START GIVEN DATA

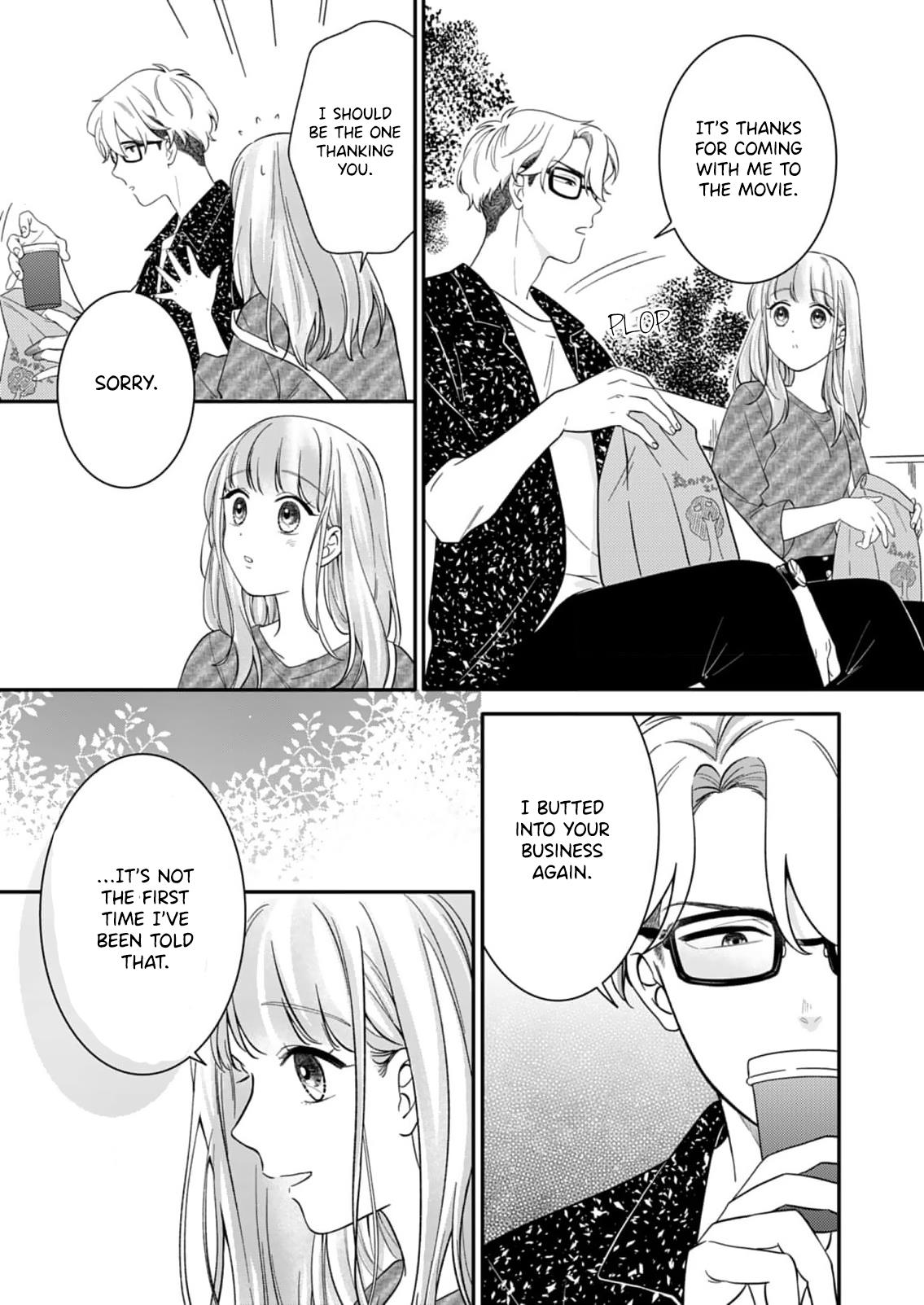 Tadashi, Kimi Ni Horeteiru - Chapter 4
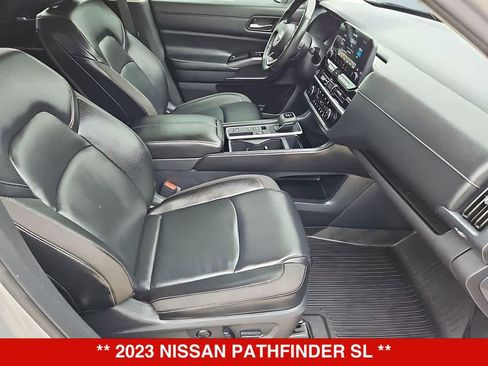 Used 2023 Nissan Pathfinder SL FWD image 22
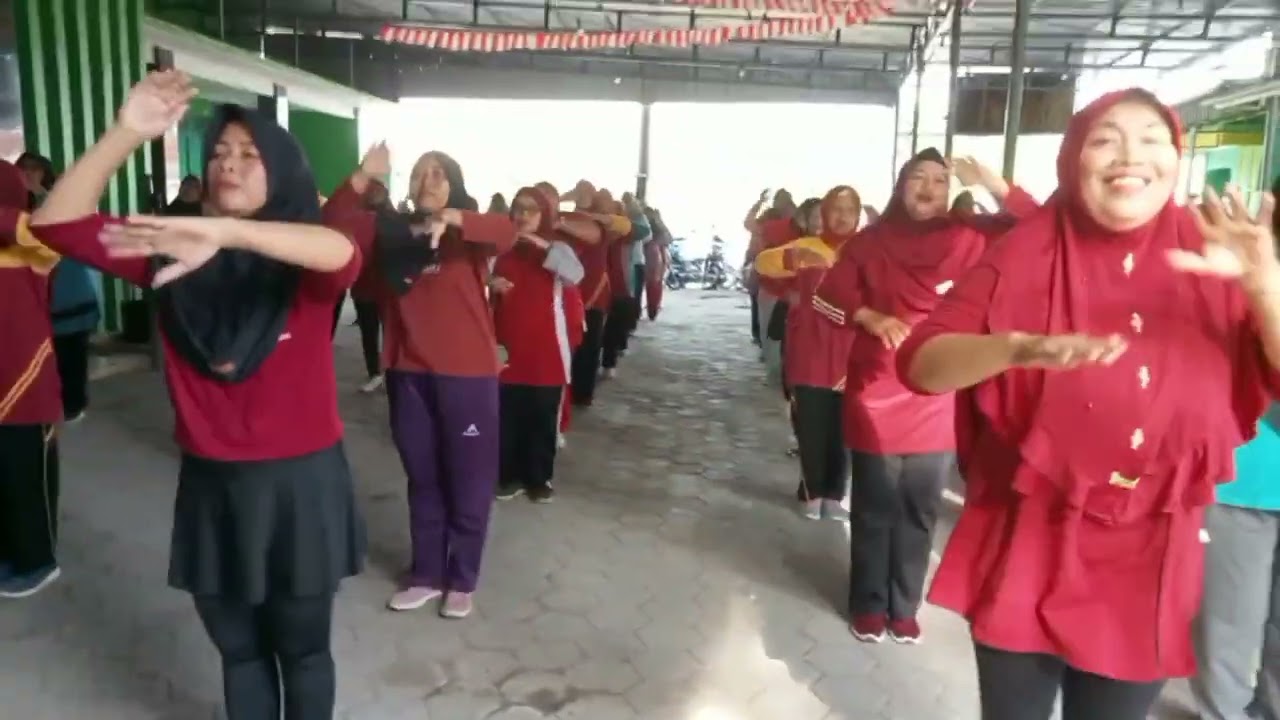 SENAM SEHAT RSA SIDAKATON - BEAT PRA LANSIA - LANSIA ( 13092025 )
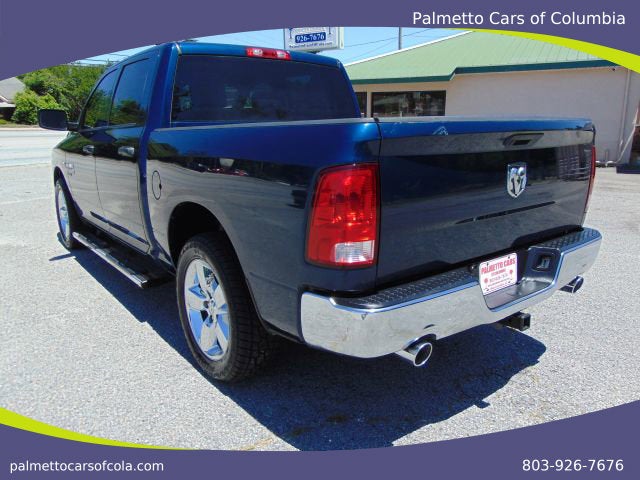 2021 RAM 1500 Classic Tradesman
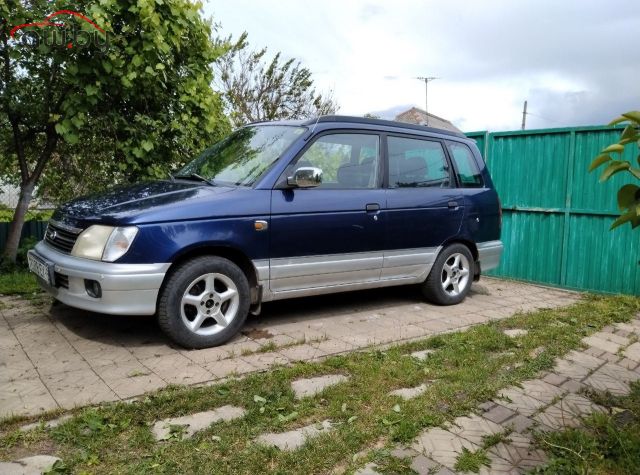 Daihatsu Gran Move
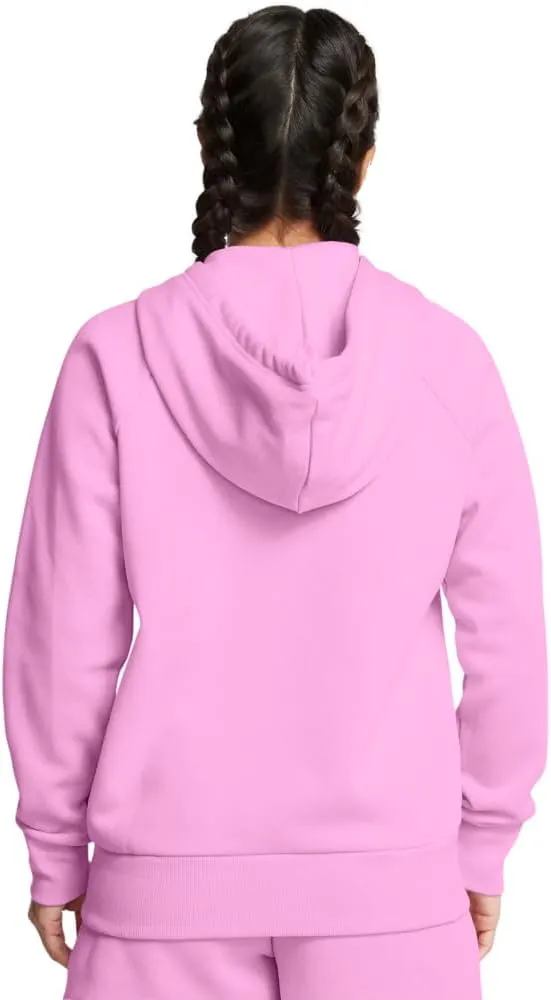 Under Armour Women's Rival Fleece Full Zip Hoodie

END GIVEN DATA

_WORK TASK:_ From the line containing "Daihatsu Gran Move" to the last line of the entries, copy every line exactly, including both ends, and leave out the pictures.

_WRITTEN REPLY:_
 Daihatsu Gran Move
 Under Armour Women's Rival Fleece Full Zip Hoodie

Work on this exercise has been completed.